On appeal from the Superior Court of New Jersey, Law Division, Bergen County, Indictment No. 08-04-0738.

Per curiam.


Submitted May 15, 2012

Before Judges Messano and Espinosa.

Following a jury trial, defendant Terrell M. Owens was convicted of third-degree theft, N.J.S.A. 2C:20-3, and fourth-degree falsifying or tampering with records, N.J.S.A. 2C:21-4. The evidence at trial revealed that defendant was employed as the Teaneck branch manager of the Fairleigh Dickinson University Credit Union (the Credit Union), having assumed that position temporarily at the end of November 2007 when the prior manager resigned. Part of defendant's duties included reconciling the actual amount of cash in the Credit Union's vault with the computerized account ledger.

The only other employee at the Teaneck branch was a part-time teller, Melanie Lerner. Lerner did not have the security code or key to open the branch, nor did she have the access code to the vault where the branch's cash was kept. Lerner believed she was never in the vault alone. Records disclosed that only defendant's access code was used to open and close the Teaneck branch between January 2, 2008 and January 18, 2008.

Shareatha Owens, the operations officer at the Credit Union's Madison and Teaneck branches, audited the money in the vault of the Teaneck branch in November 2007, prior to defendant's assuming the position of manager.*fn1 At that time, all money at the branch was accounted for. Thereafter, defendant called her "[a]lmost everyday" because of problems he had balancing the vault cash, but he never indicated any money was missing.

On January 18, 2008, Shareatha was doing a "weekly cash order," i.e., seeing how much cash was actually on hand and making sure it was adequate to service the Credit Union's customers.
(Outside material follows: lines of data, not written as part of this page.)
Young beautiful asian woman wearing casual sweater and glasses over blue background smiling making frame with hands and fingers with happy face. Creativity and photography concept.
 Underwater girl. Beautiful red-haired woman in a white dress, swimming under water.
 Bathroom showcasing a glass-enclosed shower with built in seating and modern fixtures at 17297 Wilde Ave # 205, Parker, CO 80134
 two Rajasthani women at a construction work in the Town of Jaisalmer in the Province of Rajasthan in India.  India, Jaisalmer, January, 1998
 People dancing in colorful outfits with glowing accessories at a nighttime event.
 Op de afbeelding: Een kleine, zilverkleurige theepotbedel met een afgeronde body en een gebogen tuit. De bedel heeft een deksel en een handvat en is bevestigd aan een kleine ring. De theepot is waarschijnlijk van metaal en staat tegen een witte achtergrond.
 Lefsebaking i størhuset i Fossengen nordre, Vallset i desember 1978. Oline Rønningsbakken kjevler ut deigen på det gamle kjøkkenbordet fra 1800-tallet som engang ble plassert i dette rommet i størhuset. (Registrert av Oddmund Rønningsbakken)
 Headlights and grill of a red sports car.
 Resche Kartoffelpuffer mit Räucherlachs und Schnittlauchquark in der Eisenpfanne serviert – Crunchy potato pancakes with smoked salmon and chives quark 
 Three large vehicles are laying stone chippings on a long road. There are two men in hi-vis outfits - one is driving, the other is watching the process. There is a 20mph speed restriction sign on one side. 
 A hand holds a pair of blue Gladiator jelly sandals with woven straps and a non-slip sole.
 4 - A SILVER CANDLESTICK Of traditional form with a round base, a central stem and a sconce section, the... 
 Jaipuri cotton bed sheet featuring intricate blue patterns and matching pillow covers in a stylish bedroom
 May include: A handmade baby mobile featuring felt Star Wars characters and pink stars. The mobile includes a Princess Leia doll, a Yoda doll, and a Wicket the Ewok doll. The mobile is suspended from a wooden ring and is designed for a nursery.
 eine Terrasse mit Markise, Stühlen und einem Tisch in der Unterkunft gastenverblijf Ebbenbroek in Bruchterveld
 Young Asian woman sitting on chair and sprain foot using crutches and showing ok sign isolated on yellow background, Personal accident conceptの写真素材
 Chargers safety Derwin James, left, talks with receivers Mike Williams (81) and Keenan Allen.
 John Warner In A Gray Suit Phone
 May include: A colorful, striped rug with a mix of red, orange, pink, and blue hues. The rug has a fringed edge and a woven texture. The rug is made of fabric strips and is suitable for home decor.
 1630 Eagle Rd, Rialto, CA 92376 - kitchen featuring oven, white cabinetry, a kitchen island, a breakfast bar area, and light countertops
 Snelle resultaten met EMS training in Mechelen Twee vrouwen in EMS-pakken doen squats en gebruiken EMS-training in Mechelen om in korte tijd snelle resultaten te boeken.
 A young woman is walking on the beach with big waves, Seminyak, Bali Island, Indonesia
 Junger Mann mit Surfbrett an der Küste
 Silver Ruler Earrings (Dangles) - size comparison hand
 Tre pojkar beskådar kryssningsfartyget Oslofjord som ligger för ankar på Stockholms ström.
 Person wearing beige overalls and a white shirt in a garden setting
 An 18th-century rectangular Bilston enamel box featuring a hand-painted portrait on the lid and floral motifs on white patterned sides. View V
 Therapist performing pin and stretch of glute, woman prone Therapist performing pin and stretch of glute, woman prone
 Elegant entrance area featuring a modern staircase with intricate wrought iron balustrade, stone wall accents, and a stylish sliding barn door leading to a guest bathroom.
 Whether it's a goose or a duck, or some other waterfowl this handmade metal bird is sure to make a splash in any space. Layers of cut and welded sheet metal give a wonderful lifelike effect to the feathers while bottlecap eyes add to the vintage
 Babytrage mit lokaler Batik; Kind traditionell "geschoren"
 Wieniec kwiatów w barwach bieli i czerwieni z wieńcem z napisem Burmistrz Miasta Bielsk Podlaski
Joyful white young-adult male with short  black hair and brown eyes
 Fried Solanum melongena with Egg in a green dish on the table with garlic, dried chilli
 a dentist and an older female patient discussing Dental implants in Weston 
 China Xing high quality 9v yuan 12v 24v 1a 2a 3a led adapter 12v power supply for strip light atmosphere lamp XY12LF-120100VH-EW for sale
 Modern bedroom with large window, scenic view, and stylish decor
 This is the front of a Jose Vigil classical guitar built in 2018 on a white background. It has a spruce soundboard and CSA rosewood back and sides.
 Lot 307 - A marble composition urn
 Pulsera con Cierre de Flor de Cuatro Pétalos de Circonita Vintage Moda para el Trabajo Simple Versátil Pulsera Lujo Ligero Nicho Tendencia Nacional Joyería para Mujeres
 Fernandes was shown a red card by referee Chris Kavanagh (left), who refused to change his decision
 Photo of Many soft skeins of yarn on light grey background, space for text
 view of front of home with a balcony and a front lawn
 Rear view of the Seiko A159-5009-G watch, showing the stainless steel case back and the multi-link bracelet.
She accessed the computerized ledger system and noticed entries totaling $9700 in the balance sheet's "nondenominational field." This field represented money that physically existed but was damaged and needed to be removed from circulation. Shareatha testified that in her many years of experience with the Credit Union, the aggregate amount in the nondenominational field was about $500.

She called defendant and asked if he made these entries. He admitted that he had done so in order to balance the vault. Shareatha explained that if the damaged money was removed from the computerized ledger, the vault would necessarily be short, and she directed defendant to "recount his vault and to call [her] back." Shareatha reported the problem to the Credit Union's Chief Executive Officer, Judith Kehres, and proceeded to the Teaneck branch with her fellow employee and defendant's direct supervisor, Ayeisha Robinson.

When they arrived, defendant "appeared fidgety and nervous." Shareatha noticed that the video recording system was not recording, even though she had personally checked the system in November 2007 when the prior manager resigned, and it was working properly. She also noticed that the video camera was no longer pointed toward the vault, but rather toward an area between the vault and the ATM machine. The two women counted the actual cash in the vault and in the teller's drawers and discovered "[a] little over twelve thousand dollars" was missing. Shareatha reported this to Kehres, and the police were notified.

Detective Seth Kriegel responded to the Credit Union and interviewed defendant at police headquarters. Defendant claimed that he did not know what happened to the missing money and that he had spoken to Shareatha about the shortfall.

Lerner testified that she never accessed the computer ledger regarding the monies in the vault and never entered any amounts in the "nondenominational" field. She denied taking any money from the branch.

Kehres read portions of a letter defendant sent to the National Credit Union Administration, the government agency that monitors and insures credit unions, dated April 29, 2008. Defendant claimed that he noticed shortfalls in deliveries of cash from the Federal Reserve as soon as he arrived at the Teaneck branch and "was ignored" when he reported them. Kehres testified that defendant was supposed to notify her whenever a "cash delivery" was incorrect, but he never did.

Defendant's motion for a judgment of acquittal, Rule 3:18-1, was denied and Robinson testified as a defense witness. Robinson shared an office with Shareatha in the Madison branch of the Credit Union. She claimed that defendant called in early January because he was "missing a significant amount of money." She transferred him to Shareatha but could not hear the conversation. Later, though she could not specify the date, Robinson ...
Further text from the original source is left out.